The floating bladderwort is an unassuming carnivorous pondweed that captures its prey using tiny suction traps that lie beneath the water. But it wasn’t the bladderwort’s appearance or eating habits that intrigued evolutionary biologist Victor Albert. “It was known to have a tiny genome,” he says. “The question was, what’s missing?”
Albert and his colleagues found that the bladderwort genome contains a meagre 82 million letters. That’s 1/40 the size of our own, and an even punier 1/240 that of its plant relative, the Norway Spruce. But size was only half the story.
“There’s essentially no junk DNA,” Albert says. The tiny genome contains around 28,500 protein-coding genes, but only 3% is what he would consider junk. “It’s an interesting counterpoint to the human genome situation.”
Some have suggested that the bladderwort may have rid itself of excess DNA to save on phosphorous, an element that is part of the DNA molecule. Bladderworts live in an environment that is poor in phosphorous, and eat meat to bolster their intake of the element. (Albert himself doesn’t buy this explanation as to why they ditched their junk, since other phosphate-hungry carnivorous plants don’t have tiny genomes). So if the bladderwort can do all sorts of complex things without its excess genomic baggage, does it follow that junk DNA is irrelevant? Not necessarily. By “junk”, Albert was restricting his definition to a particular class of junk DNA known as “transposons” – repeating tracts that are relics of ancient viruses.
And indeed the bladderwort seems to have dispensed with them. But as Mattick points out, even the minimalist bladderwort genome contains plenty of other non-protein coding sequences in the form of introns and tracts between genes that were traditionally termed junk – by his calculation some 65% of its genome. So, says Mattick, rather than spelling the death knell to junk, the bladderwort actually bolsters the view that no genome can truly go without.

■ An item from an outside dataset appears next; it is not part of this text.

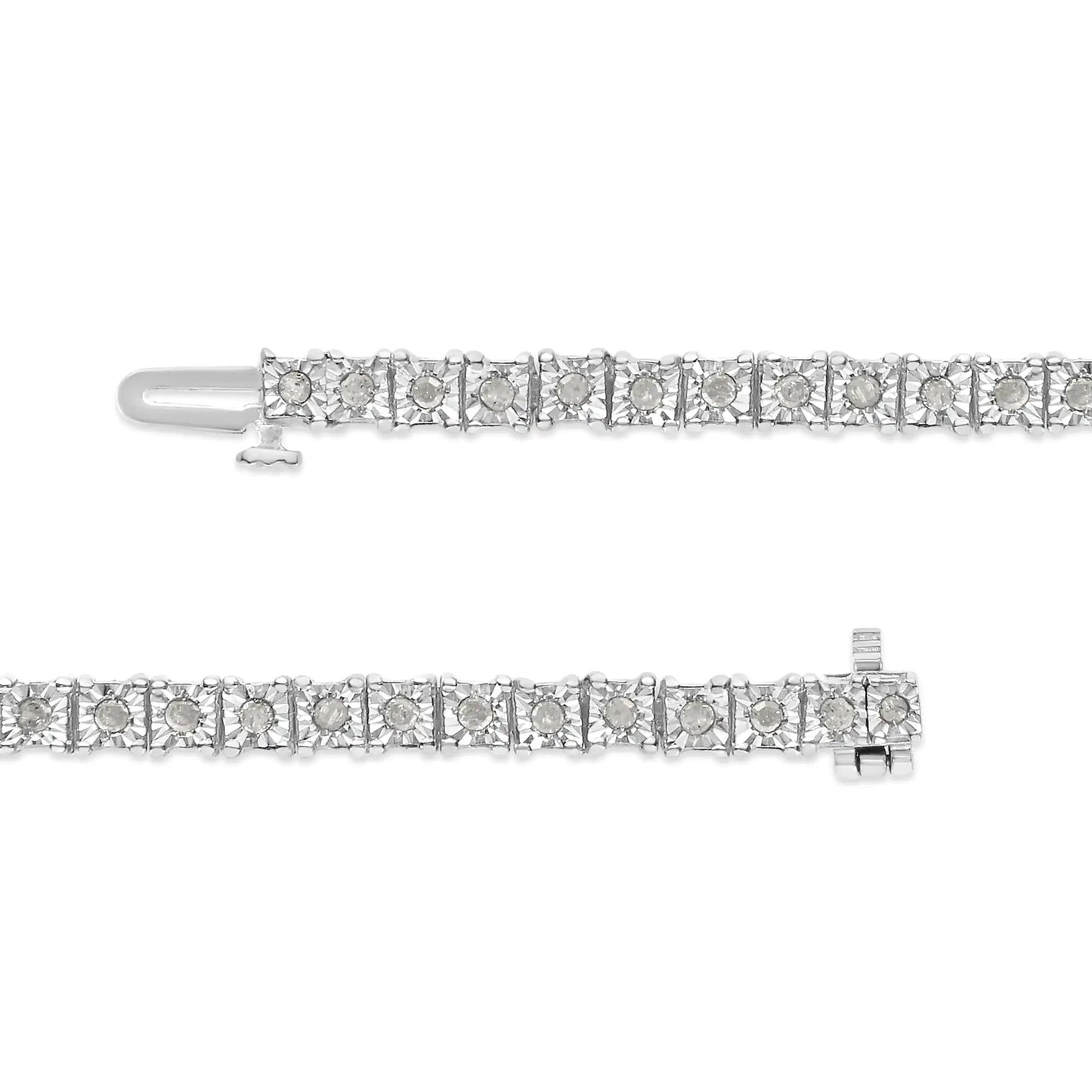 .925 Sterling Silver 1.0 Cttw Diamond Square Hybrid Link 7" Tennis Bracelet (I-J Color, I2-I3 Clarity)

For Mattick, the bladderwort’s claim is just a replay of the claims made for the fugu, the highly poisonous Japanese puffer fish. For geneticists, it’s best known for having the tiniest genome of any back-boned animal, one-eighth the size of ours. When its genome was first read in 2002 it was similarly billed as a complex creature that had managed to do away with its “junk” DNA. But as Mattick points out, in fact 89% of fugu’s DNA does not code for proteins. So bladderworts and fugu still have a very high proportion of non-coding DNA, comparable to that of other complex organisms.
As for the transposons, the bits of old virus that seem to multiply in genomes, Mattick concedes that they could be padding the genomes of some plants. “But you don’t see nearly so much in animals,” he says, possibly because they are under greater evolutionary pressure than plants to streamline their genomes, keeping sequences that are useful,
and jettisoning the rest.
While no one argues that all non-protein coding DNA lacks function, the question now is how much is, in fact, junk? As Dan Graur cautions, when it comes to thinking about genomes, it’s a mistake to think in terms of a “Goldilocks genome” where every bit of DNA is perfectly fit for its function. “Evolution never breeds perfection,” he says. But even if a stretch of DNA is not perfectly functional, having some junk DNA to tinker with could be a big plus. As Mattick points out, bacteria with little “junk” have stayed stuck in the single-celled world whereas those with junk-laden genomes have formed the kingdoms of plants, animals and fungi. Perhaps genomes hang on to junk to allow the flexibility to evolve new and complex traits.
But that loose association between junk DNA and complexity still doesn’t wash with many biologists. Until the function of the various sequences is demonstrated, biologists such as Albert, Bennetzen and Graur say that we are a long way from relegating the term “junk DNA” to the history books.
Scientists such as Mattick and Rasko continue to pore over the “functional” DNA identified by ENCODE. But how much of the genome will eventually pass muster for the tougher critics is still open to wager. As geneticist Daniel MacArthur at Harvard University’s Broad Institute has declared, “I’d still take on Mattick’s wager any day, so long as I got to specify clearly what was meant by ‘functional’.”